Work task – The answer must consist solely of the lines below starting at the one containing "Jaws-Shark Tours-Navy Adult" and ending at the one containing "Charming Pink Flower", repeated exactly, with both ends included and all pictures omitted.

Material provided –
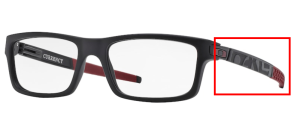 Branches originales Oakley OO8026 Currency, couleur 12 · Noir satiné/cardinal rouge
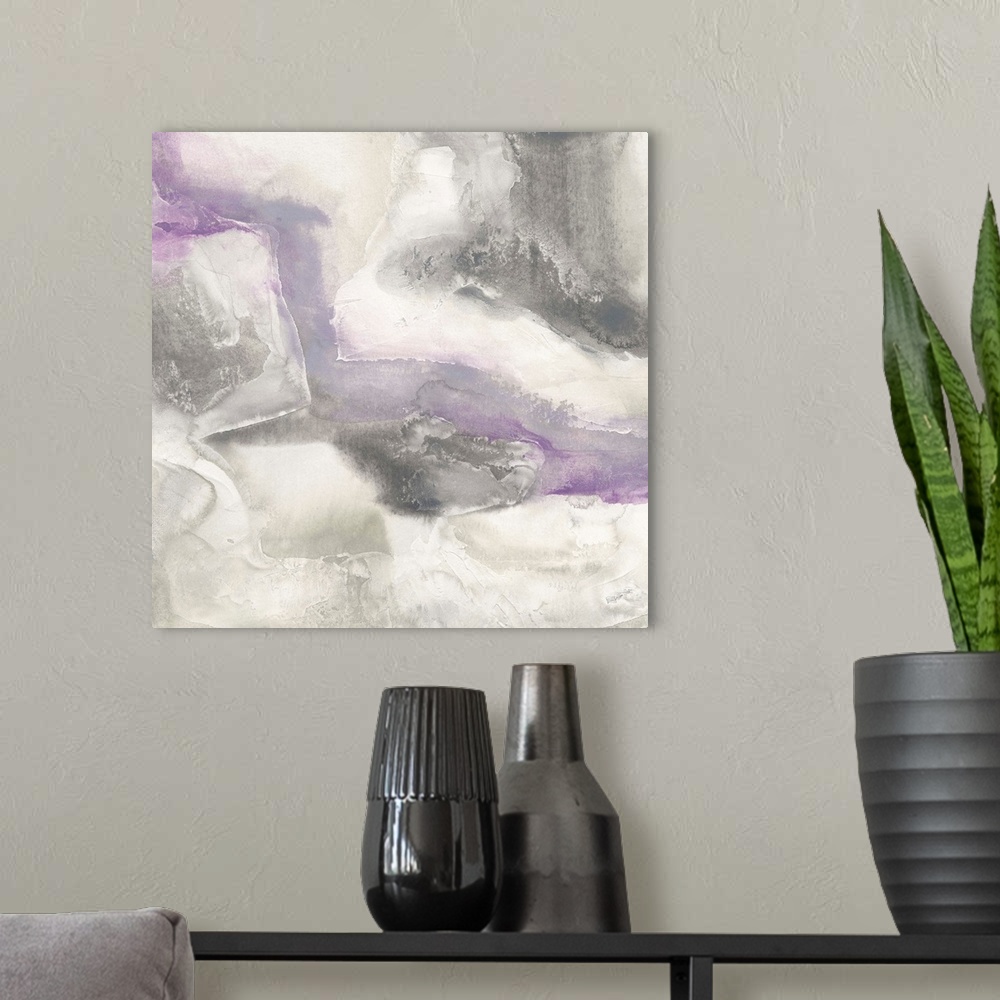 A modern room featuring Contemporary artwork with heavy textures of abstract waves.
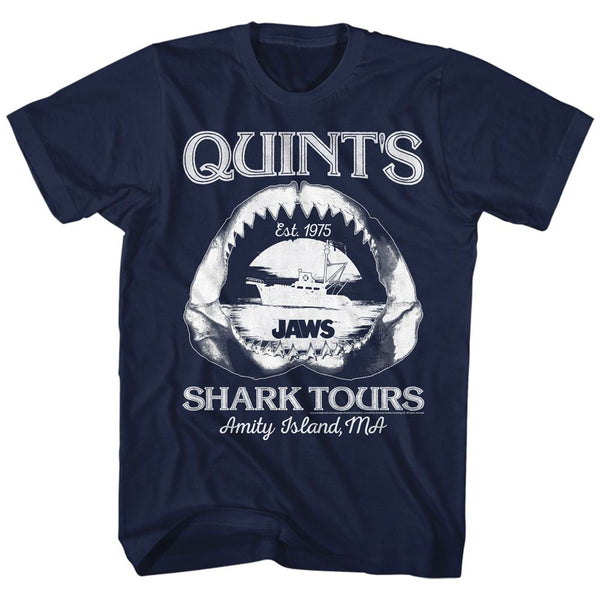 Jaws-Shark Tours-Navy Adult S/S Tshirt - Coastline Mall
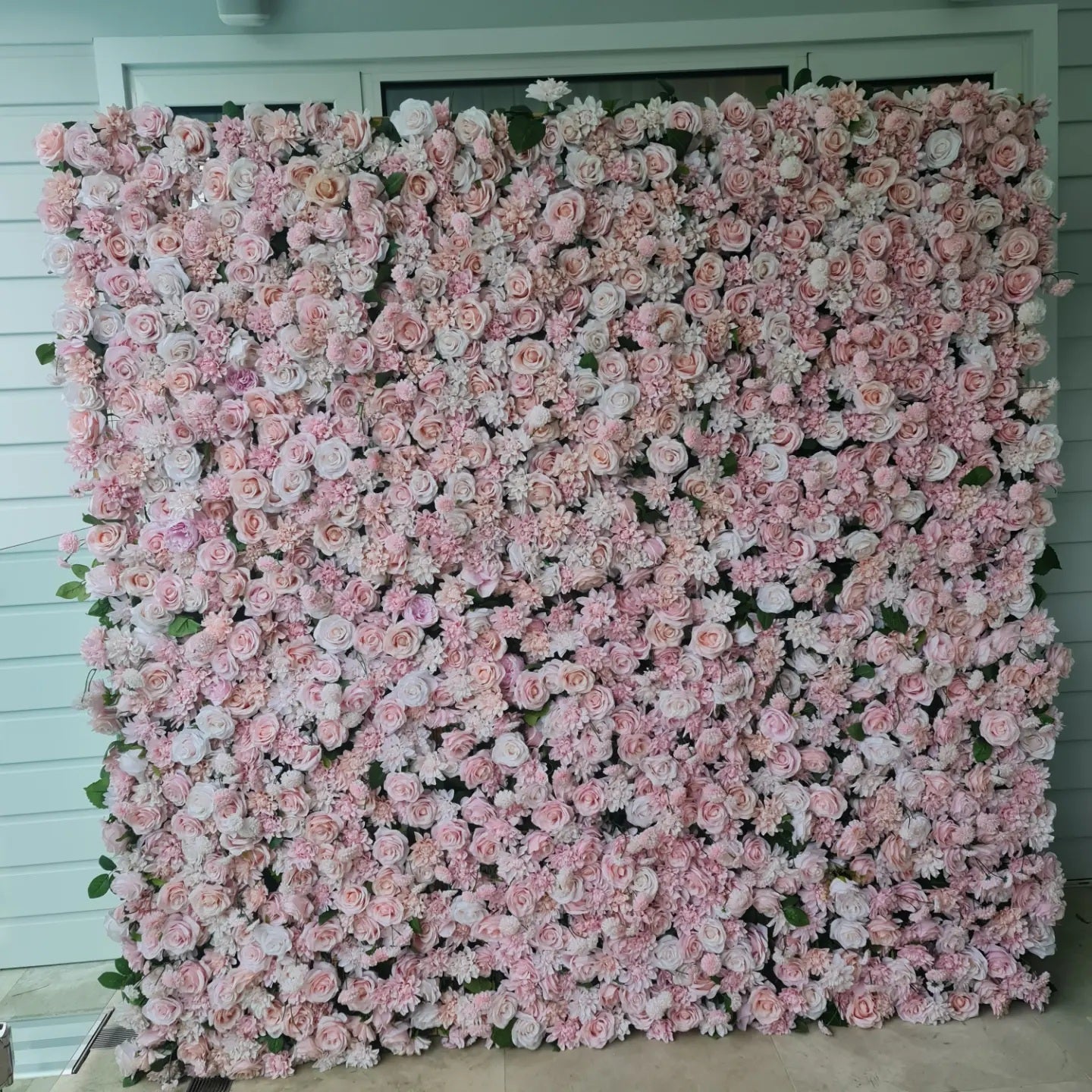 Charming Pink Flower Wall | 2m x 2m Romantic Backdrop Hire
* * *
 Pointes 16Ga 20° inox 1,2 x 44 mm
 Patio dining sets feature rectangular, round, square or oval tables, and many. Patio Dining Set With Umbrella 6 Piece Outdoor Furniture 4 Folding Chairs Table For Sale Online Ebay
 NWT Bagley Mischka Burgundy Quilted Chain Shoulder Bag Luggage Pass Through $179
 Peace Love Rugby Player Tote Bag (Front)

Written answer –
 Jaws-Shark Tours-Navy Adult S/S Tshirt - Coastline Mall
 Charming Pink Flower Wall | 2m x 2m Romantic Backdrop Hire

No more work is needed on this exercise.